═══ INPUT DATA ═══
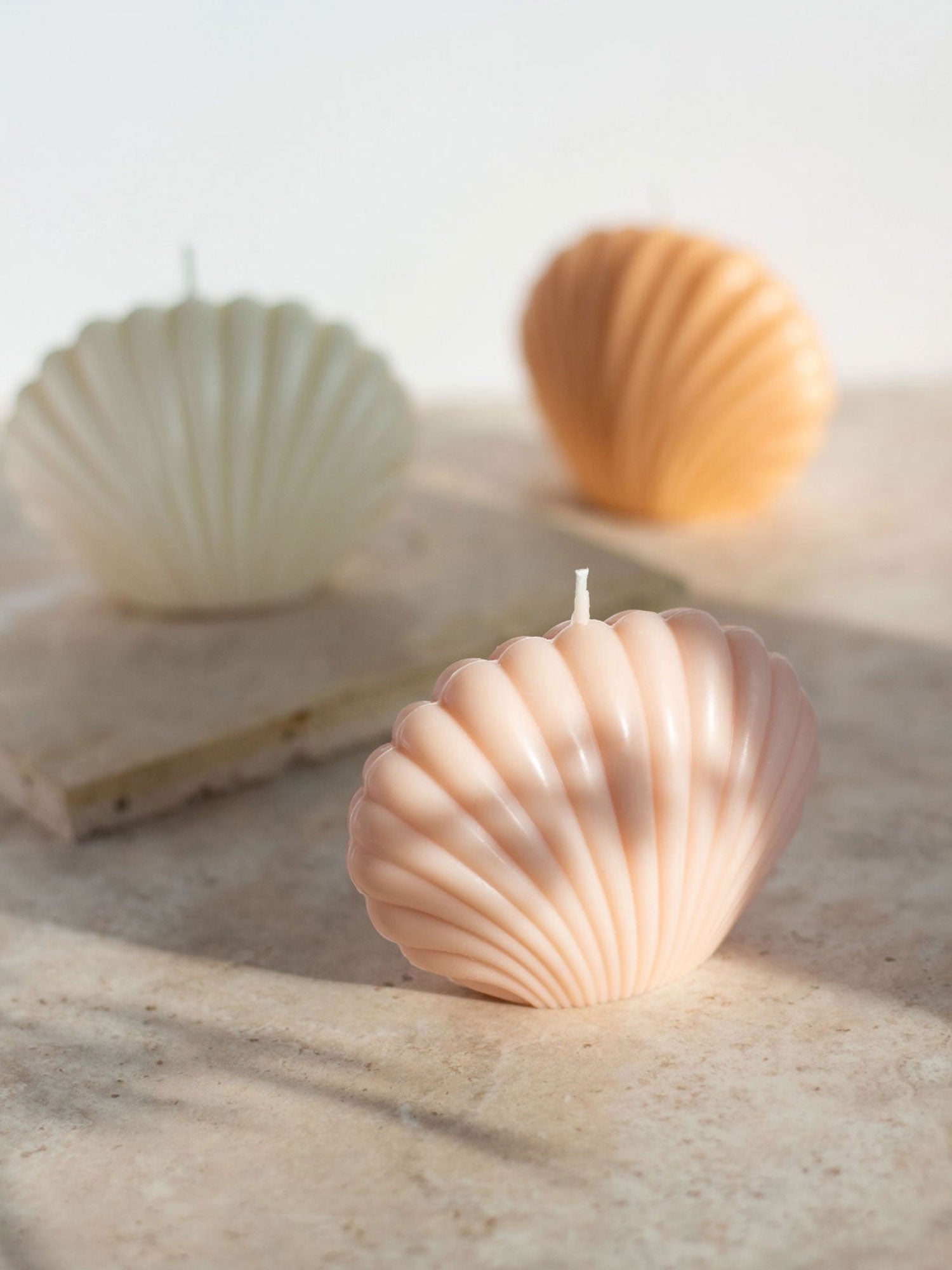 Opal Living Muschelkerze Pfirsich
═══
═══ INPUT DATA ═══
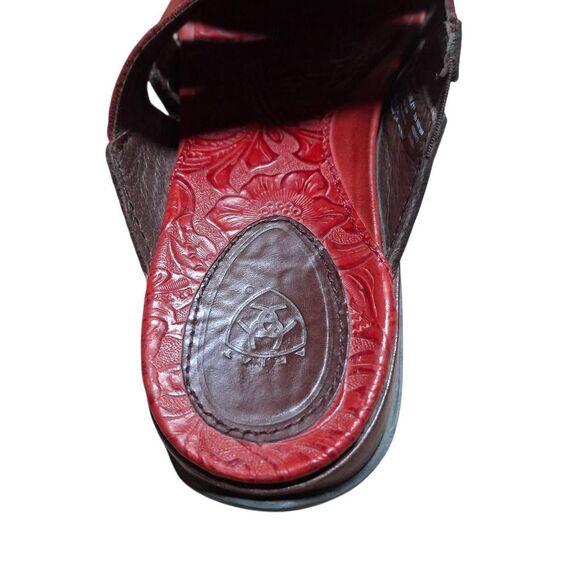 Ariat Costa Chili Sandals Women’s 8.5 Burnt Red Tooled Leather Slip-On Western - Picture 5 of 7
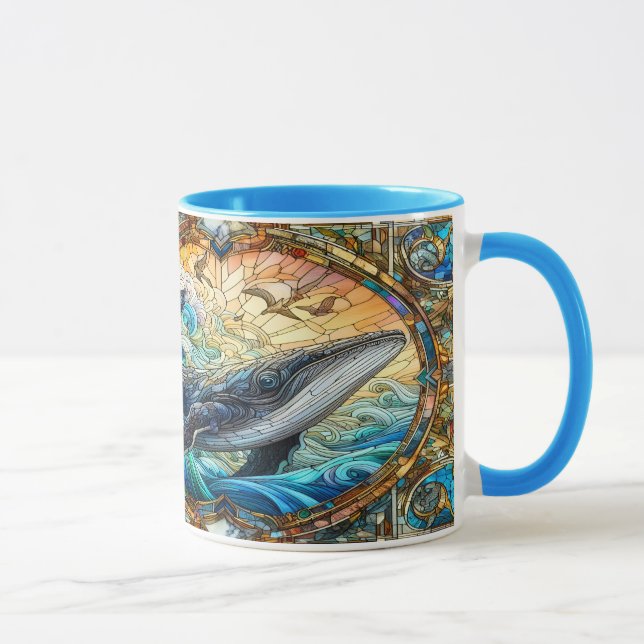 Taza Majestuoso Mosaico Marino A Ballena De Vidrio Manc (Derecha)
═══
═══ INPUT DATA ═══
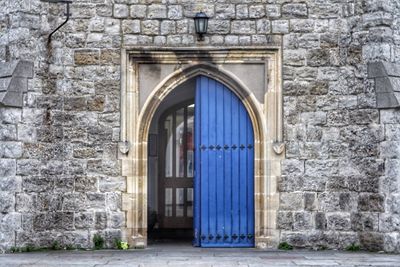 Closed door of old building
═══
TASK ITEM: The copy should hold exactly the lines above from the one with "Ariat Costa Chili" through the one with "Taza Majestuoso Mosaico", both ends counted, and no pictures at all.

EXPECTED ANSWER:
 Ariat Costa Chili Sandals Women’s 8.5 Burnt Red Tooled Leather Slip-On Western - Picture 5 of 7
 Taza Majestuoso Mosaico Marino A Ballena De Vidrio Manc (Derecha)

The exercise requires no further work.